An unexpected breeze came through the half-open window and rippled across the blinds. The shadow stripes on the floor seemed to grow and shrink with the waves of light. She knew it was her turn to talk, but she didn’t know what to say.
“I thought we’d worked all this through, Anna,” he said gently. “I thought what was happening between us was okay.”
“Yeah, well, so did I. But it isn’t.” And her voice was suddenly fierce. “I shouldn’t be here. If I stay any longer I’ll miss my plane.”
“Listen,” he said, so quietly she had to strain to hear him. “This isn’t your fault. It’s not anybody’s fault. It just happened.”
She shook her head. “That’s not true. We made it happen.” She made an angry noise in her throat. “Do you do this?” she said suddenly. ?
??Is this what you do?
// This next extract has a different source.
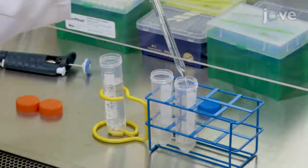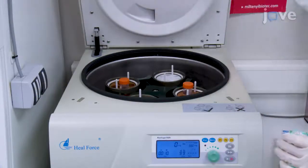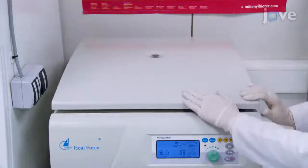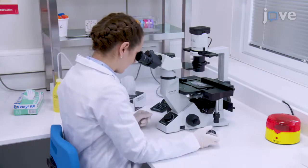Wash the isolated cells with 5 milliliters of sterile PBS and centrifuge at 300 times G for 10 minutes. After repeating the procedure twice, count the number of cells using a counting chamber.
In the past, is this what you do?”
He laughed out loud. “What—you want me to lie to you as well as her? Okay. Yes, I do this all the time. Start something casual and then push it till it gets out of hand.” He stopped. “You’re not the only one who thought about not coming, you know. This one has broken my rules too.”
“I thought you said there were no rules. Wasn’t that what you told me on that first night?”
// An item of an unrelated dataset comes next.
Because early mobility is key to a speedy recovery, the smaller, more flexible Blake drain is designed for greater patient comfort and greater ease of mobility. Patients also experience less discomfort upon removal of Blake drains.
“Yeah, well: you know first nights. . . . Come on, Anna, don’t make me the bad guy in this. It’s not how it is.”
She closed her eyes. “Shit,” she whispered.
She didn’t move. What was she waiting for? For him to touch her? If he did, would that make her go or stay?
He shook his head. “I can’t do it for you. Do you understand? That’s not how it works. You have to make up your own mind.”
Time passed. She took a step toward him. If she didn’t get back that evening Patricia would take Lily home to stay with her. She would read her a bedtime story and take her to school next morning and Paul would pick her up, as usual. Lily would be fine. She was a happy little girl whose life was filled with people who loved her. She would make recompense later. To everyone. After all, it was only a night or two. And everybody deserves pleasure sometime, a chance to store up summer heat for winters ahead.
As they came into each other’s physical orbit the heat of their skins burned off the remaining layer of conscience. The air relaxed. Her holdall remained where it was on the floor, the airline ticket tucked coyly into the side pocket.